I shrugged. ‘I imagine I can, ma soeur. I made all the fittings for a Bible once.’
‘Hmmf,’ she said, or something like it. ‘Well, that was a good trick, that with the tallow. If I break my scabbard, I’ll come and find you.’ She turned to go, and paused. ‘My old memory is playing me games,’ she said. ‘I came with a curious letter. Addressed to “Guillaume D’Or, Miles Dei”.’ Her eyes met mine.
I shrugged. And reached for it.
‘The bishop of Nantes included it,’ she went on, her eyes fixed on mine. She was withholding it.
I sighed. ‘Truly, Sister, I have no idea.’
She placed it in my hand. ‘The legate’s couriers are not for your private letters,’ she said. She raised one eyebrow, as if to suggest that she knew a thing or two, which I did not doubt for an instant.
She slipped out of the room.
Juan shook his head. ‘She thinks all men are fools,’ he said. ‘She is too forward.’
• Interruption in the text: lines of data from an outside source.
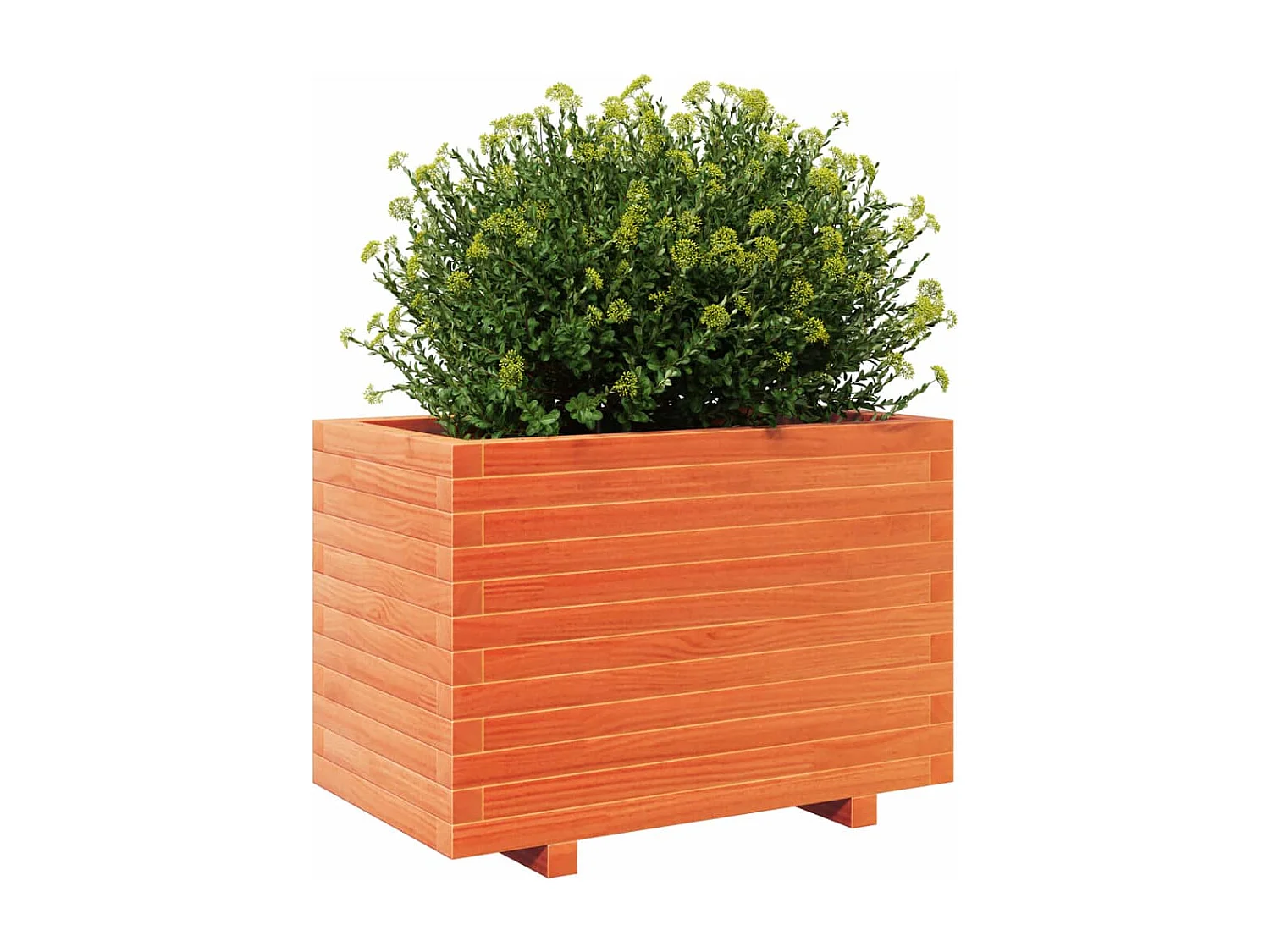 Jardinière cire marron 70x40x49,5 cm bois de pin massif FR47206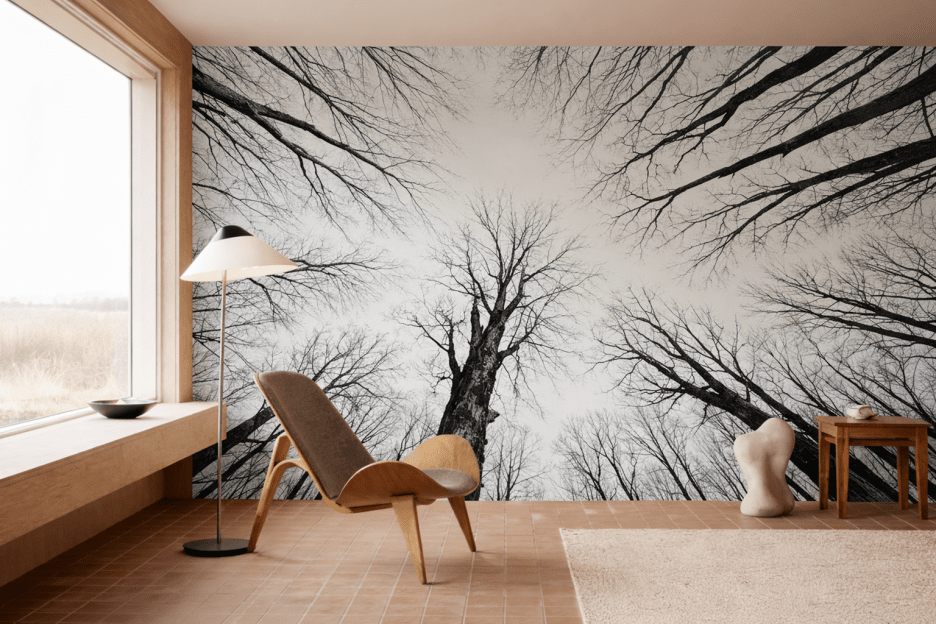 Twilight Canopy Ii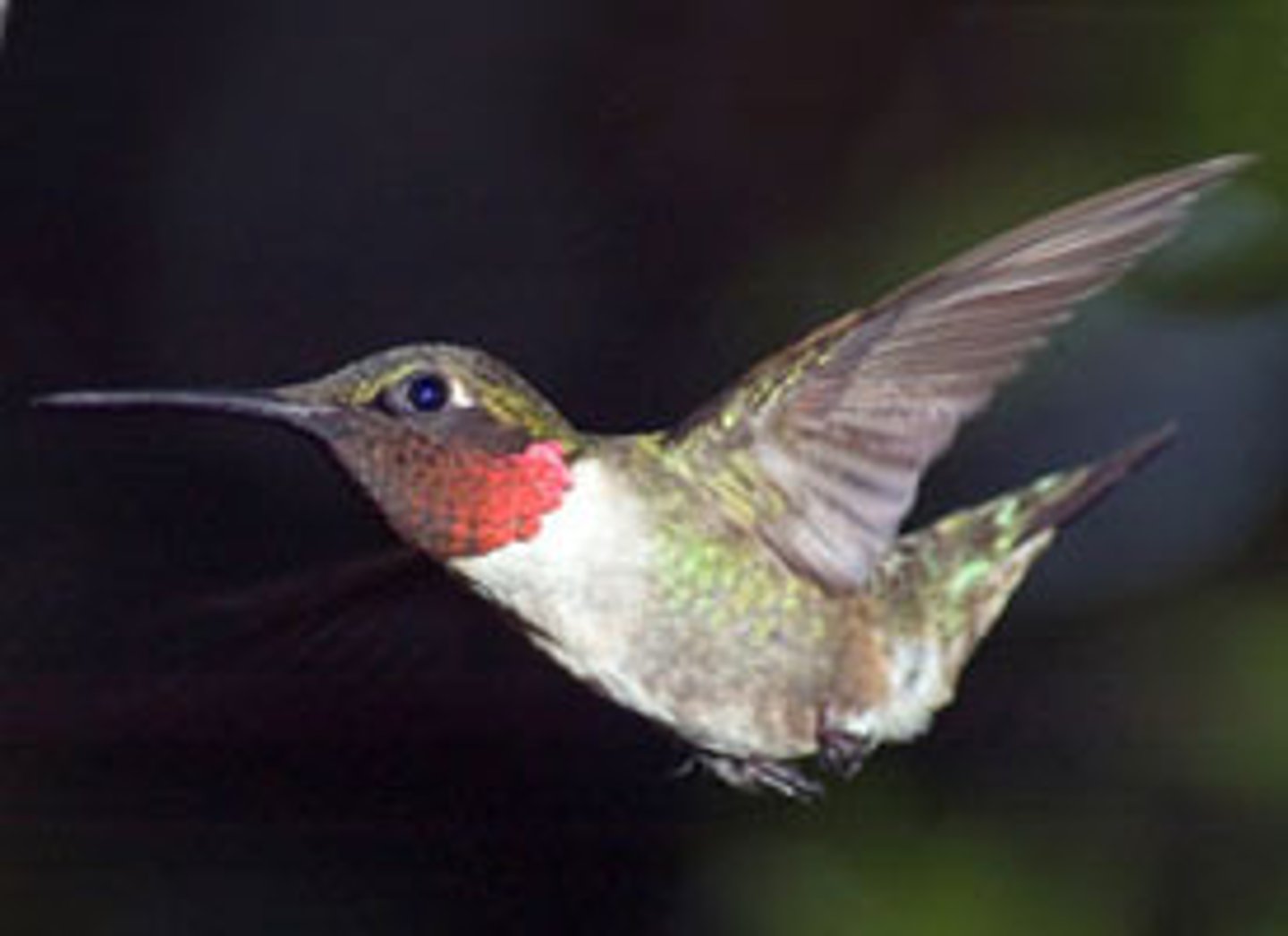 <p>Apodiformes</p>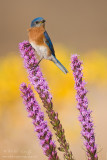 Eastern Bluebird 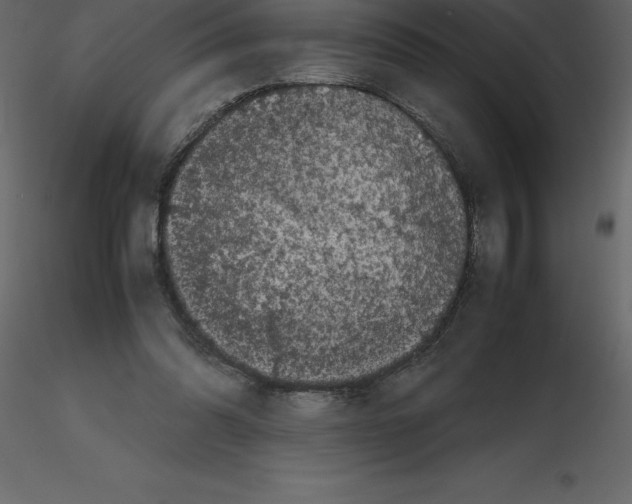 X0000115720302200912241610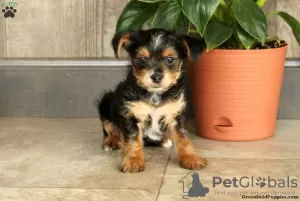 Photo №2 to announcement № 63838 for the sale of yorkshire terrier - buy in Germany 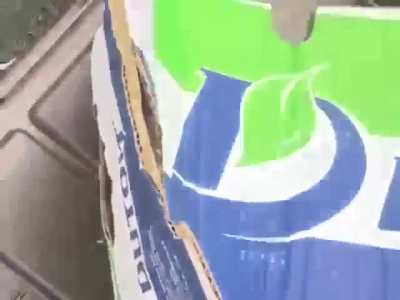 SADC forces engaging Rawandan backed M23 Rebels on the outskirts of Goma DRC, 25th January 2025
Miles frowned. ‘I like her,’ he said.
I was starting to open the parchment, which was folded eight times and sealed with a heavy archbishop’s seal in purple wax, when Ser Nerio pushed in the door.
‘Christ, what are you doing? Roasting heretics?’ Nerio wrinkled his nose and put a perfumed glove to his face.
‘I suppose you would know the smell,’ Fiore shot back.
Nerio ignored Fiore. ‘What is this? Some foul English food?’
I raised my eyes, still struggling with the parchment. ‘I fixed my scabbard,’ I said.
Nerio laughed. He saw it leaning, point up, in the corner and went to pick it up.
‘With stinking glue? Maria Star of Heaven, messire! Pay a leatherworker to fix your scabbards! I have to sleep here!’ He waved his perfumed glove in front of his face.
I got the parchment open.
Juan said something about it being useful to know how to look after your own gear.
It was from Emile. Well, it seems obvious like this, but it wasn’t obvious to me.
My heart paused – then it beat again, very fast.
Love and war – so different. But not, perhaps, so different.
Dear William,
My husband and I are determined to go on pilgrimage to Jerusalem. Our preparations are made, and he has taken every precaution, including the arranging of a special dispensation at Avignon. His intention is to join the crusade at Venice. My intention is to travel with my children. Please be kind enough to inform me when the legate thinks that the fleet might sail, so that I will not be late. I will come with my own household, and my own knights.
But be assured that I will come.
Emile d’Herblay
I looked up. Juan was glaring like a basilisk at Nerio. He turned and looked at me.
‘He just said you were a peasant!’ Juan said.
‘No,’ Nerio shook his head. ‘I said he worked like a peasant.’ The young Italian realised he’d gone too far.
I beamed my happiness at them all. ‘Let’s go out and have a cup of wine,’ I said. ‘On me.’
Under my happiness was the knowledge that she had also sent me a warning. But I’d already seen the man. I knew what I was up against. I thought of him as the man I’d bested at Brignais, the man who wouldn’t face me in an alley in Avignon. He wasn’t worth spit.